人格を高めることとは、価値観(B)と無意識的反応(UR)を、少しずつ意識へ引き上げていくことと私は考えています。
みなさん、「人格が高い人」・「器が広い人」と聞くと、どんなイメージを抱きますか?
・どっしりと安定した人
・どんなことも受け入れられる人
・落ち着いた人
きっと、そんなイメージになるのではないでしょうか?
「自分の価値観を知り、感情を理解し、自分の反応を意識できる」から、どんなときもどっしりと安定していられるのだと思います。

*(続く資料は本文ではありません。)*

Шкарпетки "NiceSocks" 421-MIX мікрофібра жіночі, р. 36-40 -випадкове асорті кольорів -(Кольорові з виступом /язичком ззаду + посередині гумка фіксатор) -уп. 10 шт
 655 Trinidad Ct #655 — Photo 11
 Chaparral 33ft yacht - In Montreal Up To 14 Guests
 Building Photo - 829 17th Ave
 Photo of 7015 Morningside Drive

自分の「内面にある本心を知り、反応を自由に選択できること」が「自分 らしい 自分」そして、「自分 が 自分らしく」あるために、自分の持って生まれた性格を受け入れ、日々自分に問いかけ「自分を知り」人格を高めていく習慣が大事なのだと、私は思います。
論理療法については下記でも詳しく解説しております。
まとめ
「性格を変えたい」と思うとき、それは「自分らしく生きたい」と思うとき。
「かぼちゃはかぼちゃ」「きゅうりはきゅうり」「あなたはあなた」です。
性格に「いい」も「わるい」もなく、見ている人の基準や状況により「長所は短所・短所が長所」に変わるもの。
だから、自分を否定して自分の「性格を変えようとする」のではなく、心から自分らしく生きられるように「自分の心を知る」ことに気持ちを向けてみてください。
自分の心を知ることで「自分らしい自分」が見つかり、心で思うことをストレスなく表現することができるようになれると思います。
必要な答えは、あなたの心の中にすべてありますよ。